Lower Huron Metropark to Lake Erie

(Here’s the first MidMitten Cycling route of 2015. I’ve been a little slower getting going this season — writing a novel will do that to you. Remember, if you’d like to subscribe just to my cycling posts, fill out the form at the end of this page.)

Forested bike path in Lake Erie Metropark
Forested bike path in Lake Erie Metropark

If there’s one thing Michigan has done right, it’s saving the last scraps of nature left over after clearcutting in the 19th century and industrialization in the 20th. On this route, you’ll start just a couple of miles west of one of DTW’s runways, pass within sight of a Mazda factory, and cross two freeways. Still, for most of the ride you’ll feel you’re away from it all, with many close-up views of the lazy lower Huron River, marshlands, the Detroit International Wildlife Refuge, and the entirely different natural world of Lake Erie. Connecting it all is a mostly well-paved set of bike paths. This route begins on the extreme edge of MidMitten Cycling territory (about an hour and twenty minutes from Lansing, according to Google Maps), but it’s worth the drive.
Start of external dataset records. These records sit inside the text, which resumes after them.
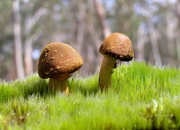 开云体育登录-钢铁是这样炼成的，贝恩狂飙40分，深圳加时力克76人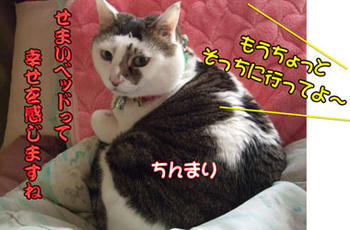 もう少し枕をよこしなさい！
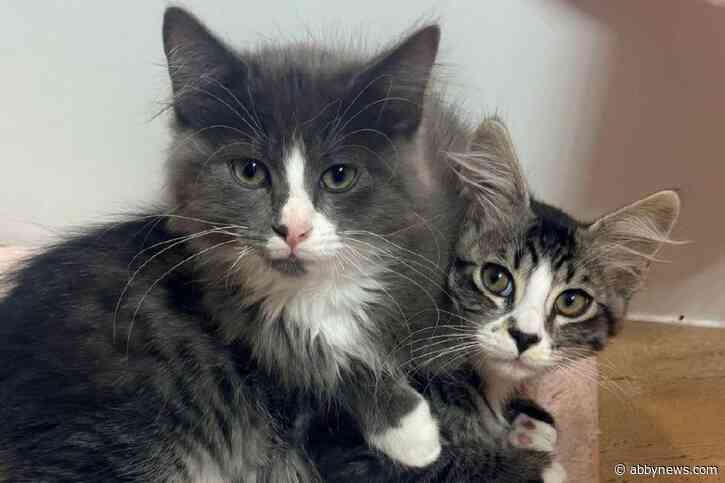 Abbotsford charity provides feline fun with fundraising events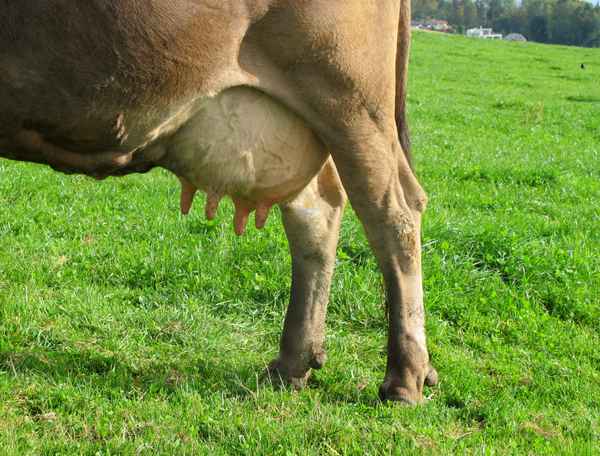 Alles echt - kein Silikon!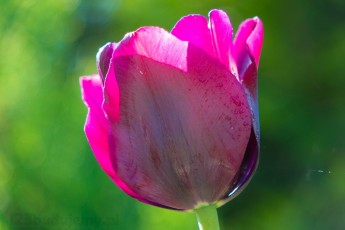 piękny tulipan z naszego ogrodu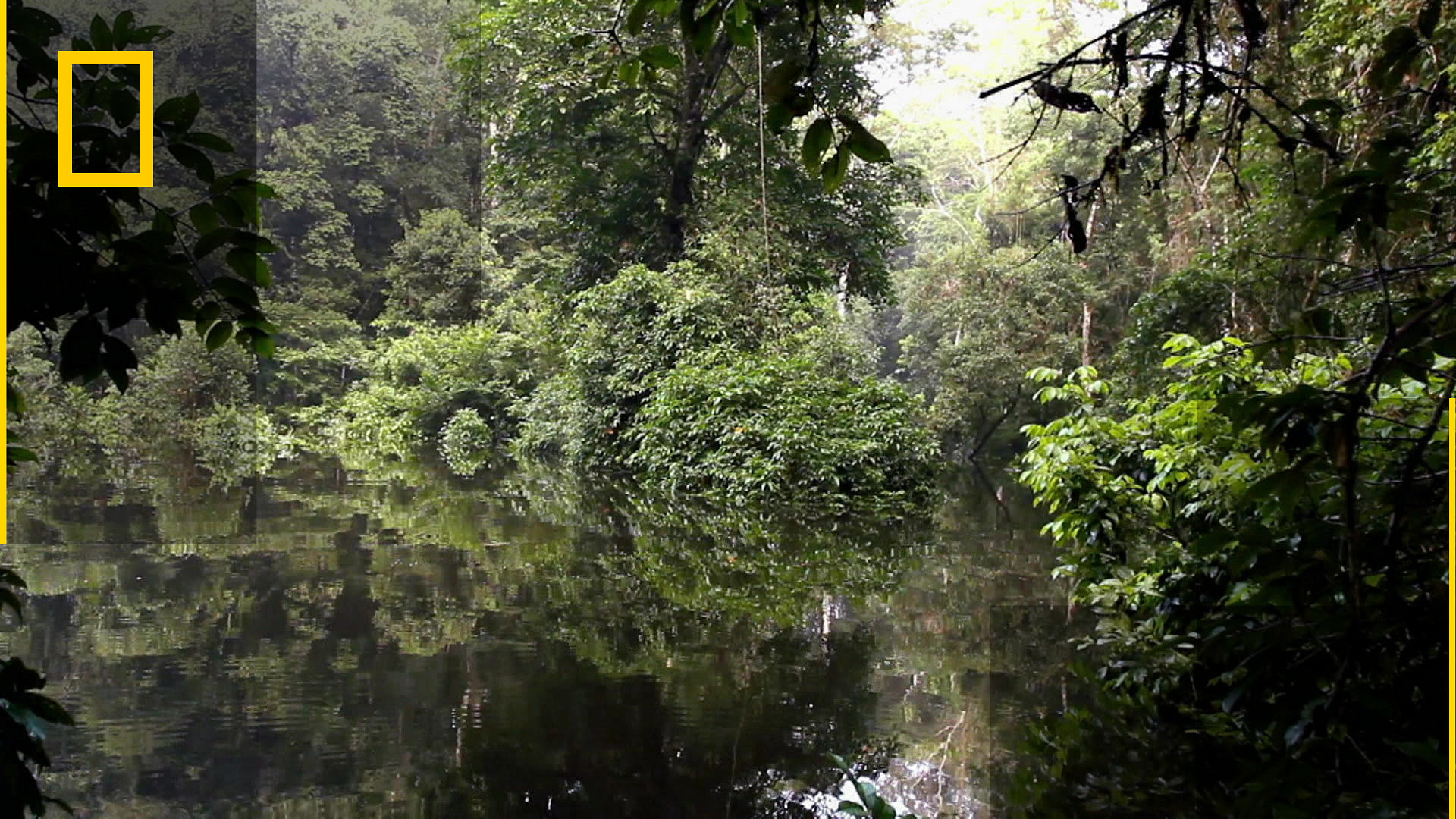 Amazon: The Great Flood
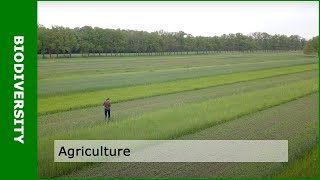 Download Lagu Biodiversity and agriculture (with Dirk van Apeldoorn) MP3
You could rush through this 45-mile round-trip outing, as my bike partner Rob and I did on one six-hour journey, but it’s probably better to break it up into two or more trips. The four separate parks along the way provide great opportunities for short trips with kids, but the urban stretches through the communities of Flat Rock and Rockwood are less well suited for young children. Alternatively, if you want to experience the whole route without doing the full 45 miles, you could set up a car shuttle, leaving one vehicle at Lake Erie Metropark, then taking the other back to the start of the ride in Lower Huron Metropark, for a total of about 22 to 24 riding miles.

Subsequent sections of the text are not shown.